EXERCISE DATA |
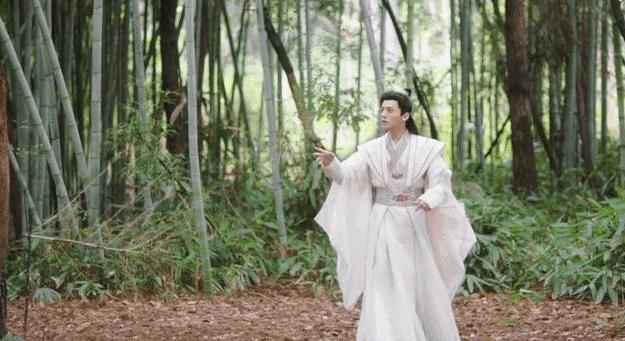 《我的女主别太萌》江小萌进入游戏世界，成为弱水国九公主江萌萌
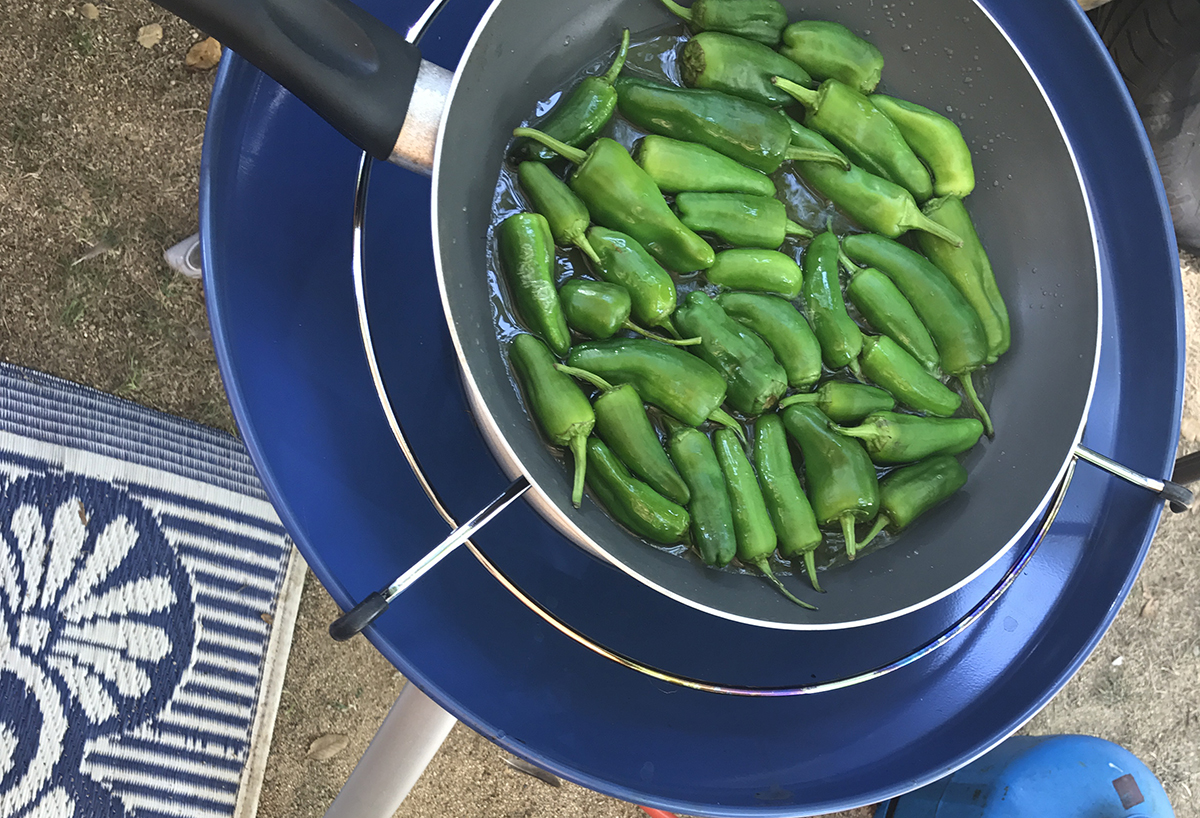 Skottelbraai pandrager met Pimientos de Padron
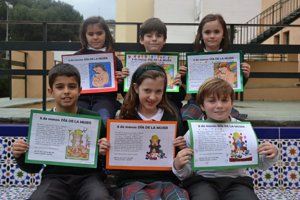 Alumnos del colegio Stella Maris con trabajos conmemorando el Día de la Mujer.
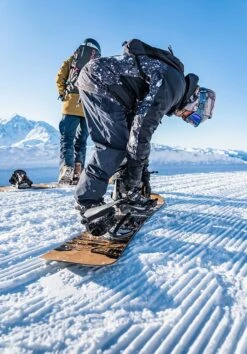 TAVOLA SNOWBOARD BOREALIS TAIGA 2023 -Vendite Volcom || Anon || Red Bull ac14478uu 3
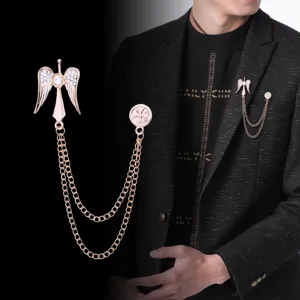 Broche Tassel Ailes d'Ange pour Hommes en Alliage de Zinc Strass Chaîne Épingle de Revers pour Costume Manteau Badges Bijoux
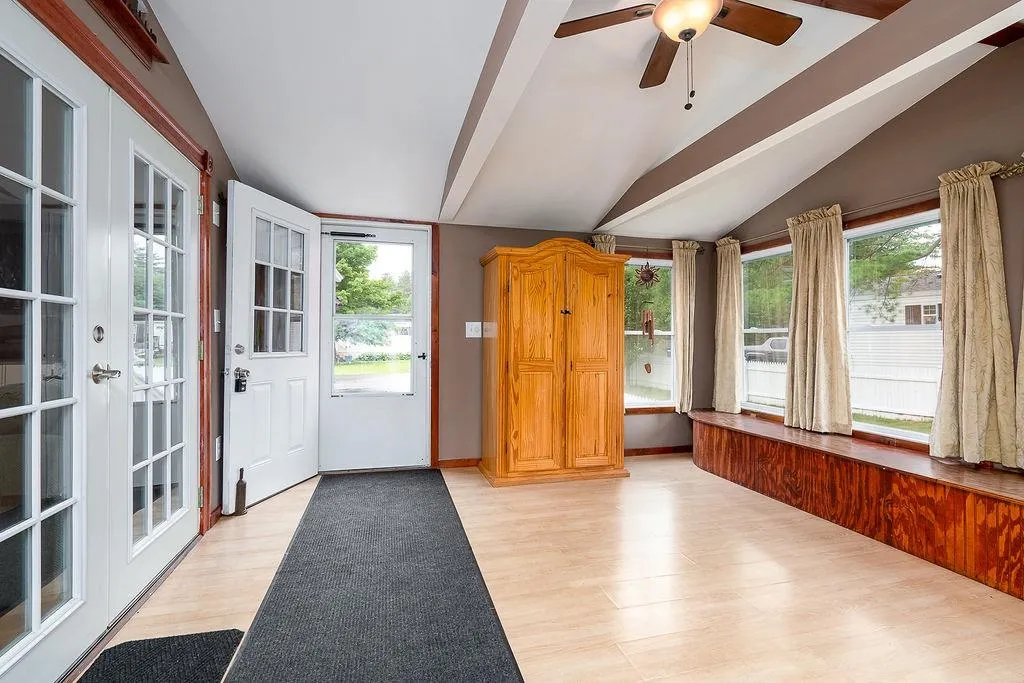 8 Glenn Drive Allenstown NH 03275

AIM OF THE EXERCISE |
Every record gets retyped exactly; no picture goes into the copy.

ANSWER TO THE EXERCISE |
 《我的女主别太萌》江小萌进入游戏世界，成为弱水国九公主江萌萌
 Skottelbraai pandrager met Pimientos de Padron
 Alumnos del colegio Stella Maris con trabajos conmemorando el Día de la Mujer.
 TAVOLA SNOWBOARD BOREALIS TAIGA 2023 -Vendite Volcom || Anon || Red Bull ac14478uu 3
 Broche Tassel Ailes d'Ange pour Hommes en Alliage de Zinc Strass Chaîne Épingle de Revers pour Costume Manteau Badges Bijoux
 8 Glenn Drive Allenstown NH 03275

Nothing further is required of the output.